Die größten Fluchtrouten führen durch die nordafrikanischen Mitgliedsländer der Liga. Während diese die von Europa gewünschten Auffangzentren für Migranten auf ihren Territorien nach wie vor strikt ablehnen, fordern sie mehr finanzielle Unterstützung von der EU etwa für die Sicherung von Grenzen. Ägyptens Präsident al-Sisi etwa verwies ausdrücklich auf die Milliarden-Zahlungen an die Türkei. Ein Wink mit dem Zaunpfahl.

Im Nahost-Konflikt zwischen Israel und den Palästinensern wird mit Spannung ein neuer Friedensplan erwartet, den der Schwiegersohn von US-Präsident Trump, Jared Kushner, nach den Wahlen in Israel (9. April) vorlegen will.

Details sind noch nicht bekannt. Diplomaten gehen aber davon aus, dass Trump viele bisher getroffene Übereinkünfte wie etwa die Zweistaaten-Lösung als langfristiges Ziel aufkündigen und die jetzige Lage mit Jerusalem als Hauptstadt Israels festschreiben könnte. Was das für den Nahen Osten bedeuten würde, ist ebenfalls Thema auf dem Gipfel.

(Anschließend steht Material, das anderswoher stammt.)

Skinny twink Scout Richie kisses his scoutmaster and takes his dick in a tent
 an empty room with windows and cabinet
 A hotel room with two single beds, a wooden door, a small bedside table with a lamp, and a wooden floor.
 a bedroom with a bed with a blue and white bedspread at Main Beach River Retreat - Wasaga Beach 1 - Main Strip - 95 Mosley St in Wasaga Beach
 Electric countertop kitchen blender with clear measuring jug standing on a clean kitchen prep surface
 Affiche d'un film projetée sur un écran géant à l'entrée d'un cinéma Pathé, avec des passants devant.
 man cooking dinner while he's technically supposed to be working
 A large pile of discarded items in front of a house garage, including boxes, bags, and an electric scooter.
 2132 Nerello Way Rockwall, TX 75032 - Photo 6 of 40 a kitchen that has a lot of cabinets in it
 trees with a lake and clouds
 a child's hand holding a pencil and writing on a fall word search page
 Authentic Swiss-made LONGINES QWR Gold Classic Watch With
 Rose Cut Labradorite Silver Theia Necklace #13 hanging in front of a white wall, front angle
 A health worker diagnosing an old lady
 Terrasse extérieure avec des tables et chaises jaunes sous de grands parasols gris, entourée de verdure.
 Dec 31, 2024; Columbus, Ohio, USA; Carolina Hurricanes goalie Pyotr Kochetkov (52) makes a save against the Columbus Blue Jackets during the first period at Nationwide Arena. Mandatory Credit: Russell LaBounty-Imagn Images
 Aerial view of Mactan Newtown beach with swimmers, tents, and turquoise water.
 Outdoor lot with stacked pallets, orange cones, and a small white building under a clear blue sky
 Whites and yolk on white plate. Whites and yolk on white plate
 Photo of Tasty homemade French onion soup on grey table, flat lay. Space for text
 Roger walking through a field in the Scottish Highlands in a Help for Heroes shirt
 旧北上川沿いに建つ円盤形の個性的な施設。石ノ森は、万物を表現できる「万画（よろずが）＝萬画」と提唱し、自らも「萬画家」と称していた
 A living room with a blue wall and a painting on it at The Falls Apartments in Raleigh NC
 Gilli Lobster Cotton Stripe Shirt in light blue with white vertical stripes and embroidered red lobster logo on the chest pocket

Ob die eigenen, inneren Probleme der EU vor der sonnigen Kulisse des Kongresszentrums von Scharm el-Scheich auch in einem milderen Licht erscheinen, können die anreisenden Regierungschefs außerdem testen.

Nach bisherigen Planungen will auch Ungarns Ministerpräsident Viktor Orbán ans Rote Meer reisen. In bilateralen Gesprächen wollen nach BILD-Informationen gleich mehrere EU-Kollegen dem Ungarn wegen seiner Anti-EU-Kampagne ins Gewissen reden.

Nicht in unserem Namen!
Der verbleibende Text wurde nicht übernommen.